AMY SHUMAKER, Executive Producer Amy Shumaker is Executive Producer of Content at the South Carolina Educational Television Network with more than 25 years of experience in public television. She is currently the executive producer for SCETV Presents national programming which includes the Peabody Award-winning series A Chef’s Life, Expeditions with Patrick McMillan, The Blueprint: The Story of Adventist Education, Journey to Planet Earth – Extreme Realities, The Education of Harvey Gantt and For Your Home with Vicki Payne.

She was the Executive Producer for SCETV’s weekly independent film series Southern Lens and launched the regional Emmy award-winning documentary series Carolina Stories.
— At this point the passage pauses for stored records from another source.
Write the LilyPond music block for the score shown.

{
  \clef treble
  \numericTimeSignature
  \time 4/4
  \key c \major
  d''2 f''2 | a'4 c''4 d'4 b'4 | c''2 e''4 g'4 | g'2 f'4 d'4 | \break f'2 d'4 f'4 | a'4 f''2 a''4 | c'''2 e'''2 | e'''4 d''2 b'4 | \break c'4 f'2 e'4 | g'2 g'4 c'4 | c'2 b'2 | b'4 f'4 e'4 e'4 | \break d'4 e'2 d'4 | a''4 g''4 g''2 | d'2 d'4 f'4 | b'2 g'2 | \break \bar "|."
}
Amy serves as the U.S. National Coordinator for INPUT- International Public Television Screening Conference and manages the U.S. INPUT Secretariat at SCETV.

Community Engagement Programs As part of the efforts surrounding the broadcast of the American Graduate special 180 Days: Hartsville, public televisión stations across the country will partner with community organizations, educators, parents and local stakeholders to host town hall discussions and produce local stories spotlighting American Graduate champions. American Graduate Champions are parents and volunteers who play an active role in improving educational outcomes for students. Participating stations/cities include:

CA: Los Angeles: KLCS

Oakland: KQED CT: Hartford: CPBN FL: Jacksonville: WJCT

Tampa: WUSF GA: Atlanta: Public Broadcasting Atlanta MD: Baltimore: Maryland Public Television MI: Detroit: Detroit Public Television Jackson: WKAR—Michigan State University MO: Warrensburg: KMOS MS: Jackson: Mississippi Public

Broadcasting

NC: Research Triangle Park: UNC-TV Charlotte: WTVI NY: New York City: WNET OH: Toledo: WGTE PA: Philadelphia: WHYY RI: Providence: Rhode Island PBS SC: Hartsville: SCETV TX: Houston: Houston Public Media VA: Norfolk: WHRO WI: Milwaukee: MPTV

Some additional cities may be added.